Può essere buon viatico, per la Quaresima che inizia, portarsi dentro la riflessione del filosofo Baruch Spinoza.
In quelle parole, sempre attuali, v’è il riflesso dell’immagine dell’uomo contemporaneo, così curvo e chino sulle realtà quotidiane da non avere più gli occhi della mente capaci di guardare in alto; talmente proteso verso gli atti piccoli e modesti da diventare incapace di quelli grandi; tanto assorbito dalle cose materiali da perdere ogni sapore per la bellezza e la spiritualità ed ignorare l’esistenza di una felicità interiore che è ben più alta e affascinante.
La Quaresima, tempo di purificazione, offre la possibilità di liberarsi dal giogo della superstizione, degli interessi, della banalità di una religiosità superficiale, ripetitiva e senz’anima. È un’opportunità importante: coglierla significa ritornare in se stessi, nella propria interiorità.

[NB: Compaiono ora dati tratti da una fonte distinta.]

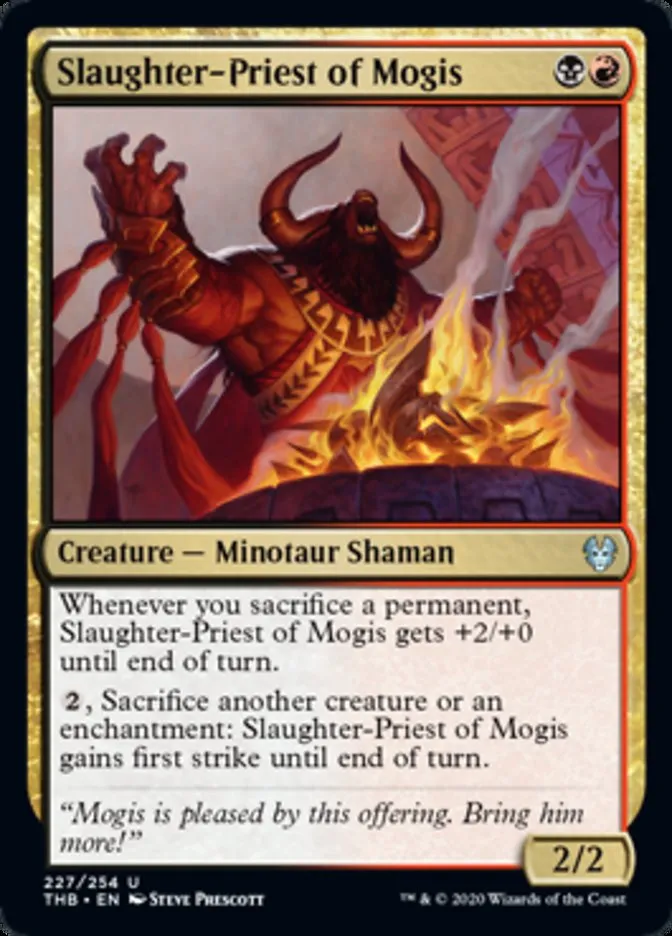 Slaughter-Priest of Mogis Spoiler Magic Theros Beyond Death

Un po’ come liberare l’anima dal terriccio delle cose, anche dal fango del peccato, dalle ortiche delle chiacchiere. Si tratta di un esercizio necessario sempre e ovunque, ma decisamente indispensabile ai nostri giorni, ingrigiti da esteriorità, superficialità, apparenze.
Scavare nel terreno, soprattutto se roccioso, è molto faticoso; lo è anche cercare in se stessi, sotto le incrostazioni delle abitudini e dei vizi ormai consolidati.

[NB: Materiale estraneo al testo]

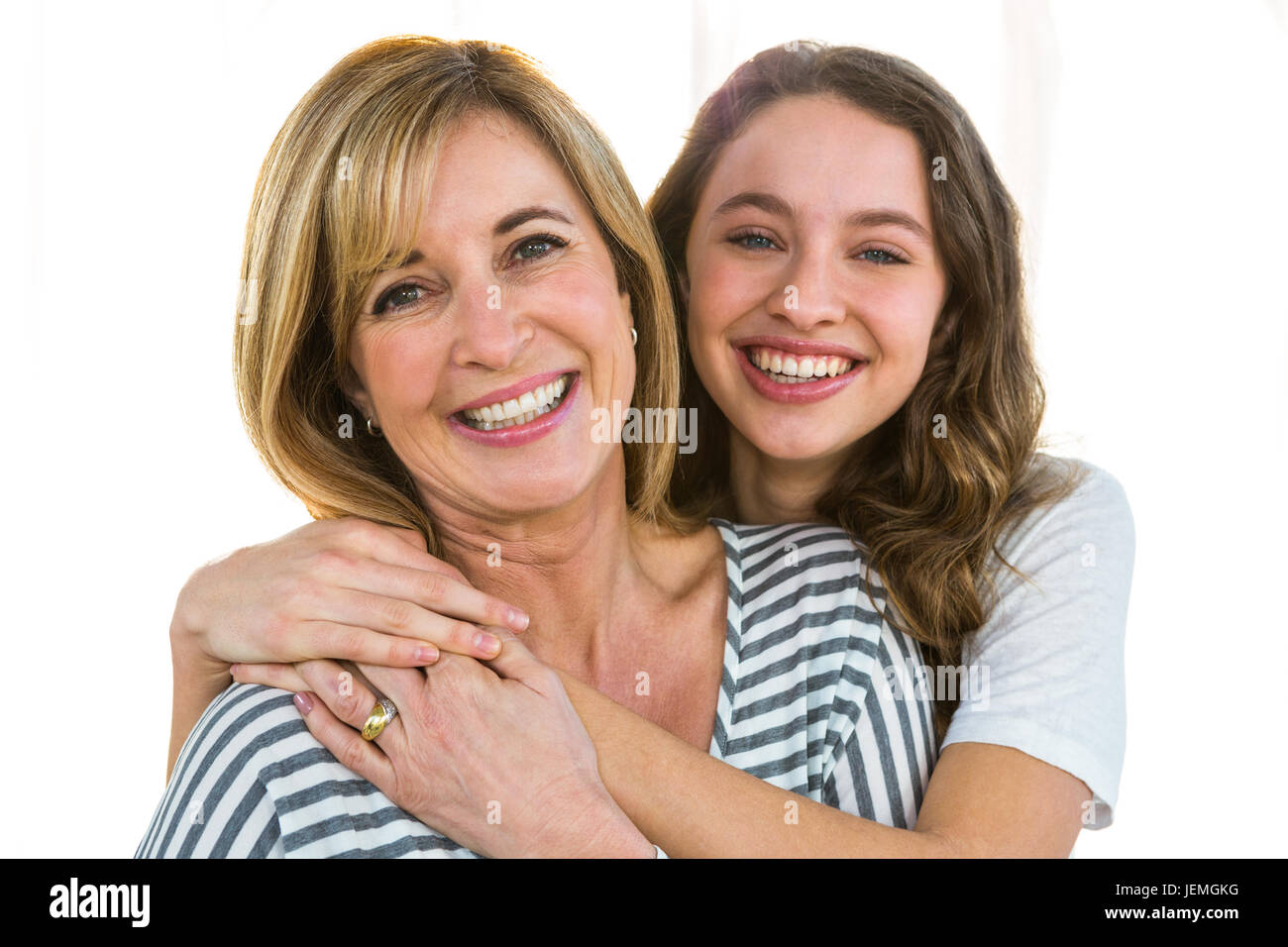 Pretty mother and daughter Stock Photo - Alamy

L’esercizio della meditazione, dell’esame di coscienza, della riflessione, è impegnativo. Molto più del veleggiare nel vuoto lasciandosi trasportare dal vento delle opinioni, delle mode, dell’oblio: è solo scavando in profondità che si riesce a scoprire il cuore autentico della spiritualità che è radice di giustizia e di verità.
La Quaresima cristiana ha anche questo scopo: ricondurre alla moralità, alla sapienza ed alla coerenza dell’amore e della verità.

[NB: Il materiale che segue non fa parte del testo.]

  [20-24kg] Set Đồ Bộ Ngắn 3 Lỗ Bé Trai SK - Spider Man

E ciò senza il timore della rinuncia: la vera gioia s’irradia dall’anima, ha bisogno di una coscienza in pace, rifugge dal baccano esteriore.
È per questo che gioia e Quaresima possono coesistere.
Già un pagano come Seneca, del resto, non esitava a scrivere all’amico Lucilio: «La vera gioia è res severa», è una realtà seria, austera.
La fede, insomma, non è – né può diventare – un po’ di condimento per insaporire la vita. Al contrario, essa è il lievito che la trasforma.
Quello che inizia, allora, sia un tempo di riflessione, di conversione, di risveglio delle coscienze.
La Quaresima torna ogni anno con le sue domande e proposte forti e con la sua richiesta di risposte altrettanto forti. Non la si può mai dare per scontata.
Esorta al silenzio, alla preghiera, alla sobrietà, alla fraternità, al coraggio di rivedere alcune prospettive.
Di fronte a ciò, l’unica possibilità è cambiare.
E se la ghianda che pare morta nei campi poi mette radici e s’innalza, perché, come scrive il poeta Gibran Kahlil Gibran, questo miracolo che “si produce mille migliaia di volte nel sonno di ogni autunno e nella passione di ogni primavera non dovrebbe prodursi nel cuore dell’uomo?”
Gioia e Quaresima possono coesistere
Quaresima come riflessione, di conversione, e di risveglio delle coscienze.